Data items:
----------------------------------------

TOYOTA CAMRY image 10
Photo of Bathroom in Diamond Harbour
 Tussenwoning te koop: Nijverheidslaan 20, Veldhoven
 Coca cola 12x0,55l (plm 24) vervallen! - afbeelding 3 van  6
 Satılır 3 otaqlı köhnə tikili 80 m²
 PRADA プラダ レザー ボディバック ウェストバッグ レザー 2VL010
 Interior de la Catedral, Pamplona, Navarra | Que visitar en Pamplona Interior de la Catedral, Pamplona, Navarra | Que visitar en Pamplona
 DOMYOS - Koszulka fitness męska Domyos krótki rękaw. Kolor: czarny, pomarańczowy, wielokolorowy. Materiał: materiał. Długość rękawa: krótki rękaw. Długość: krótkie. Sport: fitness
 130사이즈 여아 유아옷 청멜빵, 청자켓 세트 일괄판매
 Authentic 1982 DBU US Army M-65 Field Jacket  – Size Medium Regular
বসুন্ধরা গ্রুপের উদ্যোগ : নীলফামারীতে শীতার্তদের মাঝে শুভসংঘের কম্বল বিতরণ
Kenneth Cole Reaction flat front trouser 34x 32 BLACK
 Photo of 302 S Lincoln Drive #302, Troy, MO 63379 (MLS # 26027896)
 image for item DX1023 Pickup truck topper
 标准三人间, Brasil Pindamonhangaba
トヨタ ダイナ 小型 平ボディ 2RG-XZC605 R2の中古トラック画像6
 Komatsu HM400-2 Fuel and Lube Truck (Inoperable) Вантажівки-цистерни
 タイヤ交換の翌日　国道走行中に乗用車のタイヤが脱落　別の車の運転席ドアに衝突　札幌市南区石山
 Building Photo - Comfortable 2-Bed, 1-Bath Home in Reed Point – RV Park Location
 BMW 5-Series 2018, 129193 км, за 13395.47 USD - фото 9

----------------------------------------

* **WHAT THE TASK ASKS**
Could you restate word for word the lines above, from the one that contains "Photo of Bathroom in Diamond Harbour" through the one that contains "বসুন্ধরা গ্রুপের উদ্যোগ", and no others?

* **SOLUTION**
Photo of Bathroom in Diamond Harbour
 Tussenwoning te koop: Nijverheidslaan 20, Veldhoven
 Coca cola 12x0,55l (plm 24) vervallen! - afbeelding 3 van  6
 Satılır 3 otaqlı köhnə tikili 80 m²
 PRADA プラダ レザー ボディバック ウェストバッグ レザー 2VL010
 Interior de la Catedral, Pamplona, Navarra | Que visitar en Pamplona Interior de la Catedral, Pamplona, Navarra | Que visitar en Pamplona
 DOMYOS - Koszulka fitness męska Domyos krótki rękaw. Kolor: czarny, pomarańczowy, wielokolorowy. Materiał: materiał. Długość rękawa: krótki rękaw. Długość: krótkie. Sport: fitness
 130사이즈 여아 유아옷 청멜빵, 청자켓 세트 일괄판매
 Authentic 1982 DBU US Army M-65 Field Jacket  – Size Medium Regular
বসুন্ধরা গ্রুপের উদ্যোগ : নীলফামারীতে শীতার্তদের মাঝে শুভসংঘের কম্বল বিতরণ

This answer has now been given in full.